Jakks' shares fell as much as 28 percent after hours, as the company suspended its quarterly dividend and announced a restructuring plan involving a "substantial reduction of leased space, employees and other overhead expenses".
The company said several retailers in the United States and Europe had cut orders and that several of its key products, including the Monsuno and Winx Club brands, performed poorly.
In 2012, Jakks launched the Monsuno line of action figures, playsets and accessories, based on the Japanese-style animated television show of the same name, in part to make up for the loss of its Pokemon license.
Its Winx Club dolls, also launched last year, are based on an Italian animated series.

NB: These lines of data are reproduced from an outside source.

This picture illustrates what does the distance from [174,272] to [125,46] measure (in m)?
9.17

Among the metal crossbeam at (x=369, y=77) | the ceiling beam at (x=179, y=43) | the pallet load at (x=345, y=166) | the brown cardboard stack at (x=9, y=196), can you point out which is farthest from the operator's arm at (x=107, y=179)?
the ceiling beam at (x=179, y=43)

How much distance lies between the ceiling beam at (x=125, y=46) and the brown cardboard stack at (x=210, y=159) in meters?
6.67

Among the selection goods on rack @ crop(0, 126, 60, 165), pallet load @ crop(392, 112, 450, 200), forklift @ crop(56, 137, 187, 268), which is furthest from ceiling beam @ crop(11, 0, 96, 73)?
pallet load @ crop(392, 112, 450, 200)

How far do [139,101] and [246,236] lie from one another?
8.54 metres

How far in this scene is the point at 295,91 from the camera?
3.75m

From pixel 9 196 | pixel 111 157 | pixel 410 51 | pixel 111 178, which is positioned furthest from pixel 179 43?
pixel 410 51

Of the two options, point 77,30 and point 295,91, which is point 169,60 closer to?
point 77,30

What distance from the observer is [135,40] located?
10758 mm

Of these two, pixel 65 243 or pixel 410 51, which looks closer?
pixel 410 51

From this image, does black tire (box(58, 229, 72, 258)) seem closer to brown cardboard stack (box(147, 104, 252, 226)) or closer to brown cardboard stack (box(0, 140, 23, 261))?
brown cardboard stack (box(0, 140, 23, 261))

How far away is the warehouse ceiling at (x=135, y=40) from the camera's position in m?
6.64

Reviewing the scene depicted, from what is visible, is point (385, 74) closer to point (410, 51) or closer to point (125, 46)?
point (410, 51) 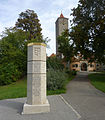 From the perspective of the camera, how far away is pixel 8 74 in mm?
19297

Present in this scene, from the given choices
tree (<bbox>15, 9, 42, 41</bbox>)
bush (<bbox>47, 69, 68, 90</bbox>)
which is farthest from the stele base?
tree (<bbox>15, 9, 42, 41</bbox>)

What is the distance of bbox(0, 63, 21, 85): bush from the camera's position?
1894 cm

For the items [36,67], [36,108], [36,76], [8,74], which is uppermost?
[36,67]

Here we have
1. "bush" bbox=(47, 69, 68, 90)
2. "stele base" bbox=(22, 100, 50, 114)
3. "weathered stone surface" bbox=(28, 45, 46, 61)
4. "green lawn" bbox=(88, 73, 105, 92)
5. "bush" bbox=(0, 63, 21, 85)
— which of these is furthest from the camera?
"bush" bbox=(0, 63, 21, 85)

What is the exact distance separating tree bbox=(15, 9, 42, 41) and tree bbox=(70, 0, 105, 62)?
46.1 ft

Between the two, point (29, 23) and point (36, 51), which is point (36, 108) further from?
point (29, 23)

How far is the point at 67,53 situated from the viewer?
28766mm

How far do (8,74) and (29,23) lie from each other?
16.9m

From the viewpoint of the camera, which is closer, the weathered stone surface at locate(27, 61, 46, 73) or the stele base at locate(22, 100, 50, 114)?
the stele base at locate(22, 100, 50, 114)

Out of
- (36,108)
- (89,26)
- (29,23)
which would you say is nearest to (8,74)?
(89,26)

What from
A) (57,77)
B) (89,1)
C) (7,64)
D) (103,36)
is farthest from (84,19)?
(7,64)

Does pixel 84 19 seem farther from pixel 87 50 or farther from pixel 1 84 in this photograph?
pixel 1 84

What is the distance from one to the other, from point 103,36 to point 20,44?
586 inches

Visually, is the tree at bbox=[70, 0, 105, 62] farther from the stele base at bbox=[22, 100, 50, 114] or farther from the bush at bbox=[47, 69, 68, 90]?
the stele base at bbox=[22, 100, 50, 114] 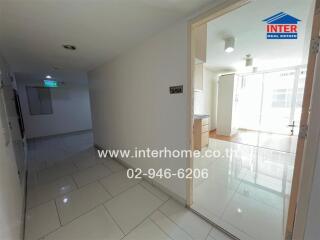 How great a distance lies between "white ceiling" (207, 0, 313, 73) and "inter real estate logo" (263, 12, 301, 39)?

"They put all their trust in that Monsuno was going to be good or Winx was going to be good," Needham & Co's Sean McGowan said.
"They made big guarantees to get those licenses, but they have underperformed."
The company did not break out sales for either brand.
Jakks, which also sells toys under such licenses as Cabbage Patch Kids and Hello Kitty, posted a surprise second-quarter loss of $2.14 per share, as sales fell 27 percent to $106.2 million.
Chief Executive Stephen Berman said results were also hurt by the shift in play patterns of children of all ages to smart devices.
The world's largest toymaker, Mattel Inc (MAT.O), posted a much weaker-than-expected profit earlier on Wednesday, hurt by declining sales of its iconic Barbie doll.
Jakks now expects to post a loss of about $56.1 million, or $2.56 per share, for the full year. It had earlier forecast earnings of 63-68 cents per share.
However, Needham's McGowan said he doesn't expect the company to make even its revised forecast, saying it does not have any other licenses to help boost results in the second half of the year.
Jakks said it expects to return to profitability in 2014.
Full-year sales are expected to come in at around $620 million, down from the $694 million to 700 million the company had forecast in February..
Shares of the company, which have declined 27 percent over the last 12 months, were trading down 22 percent after the bell. They closed at $11.48 on the Nasdaq on Wednesday.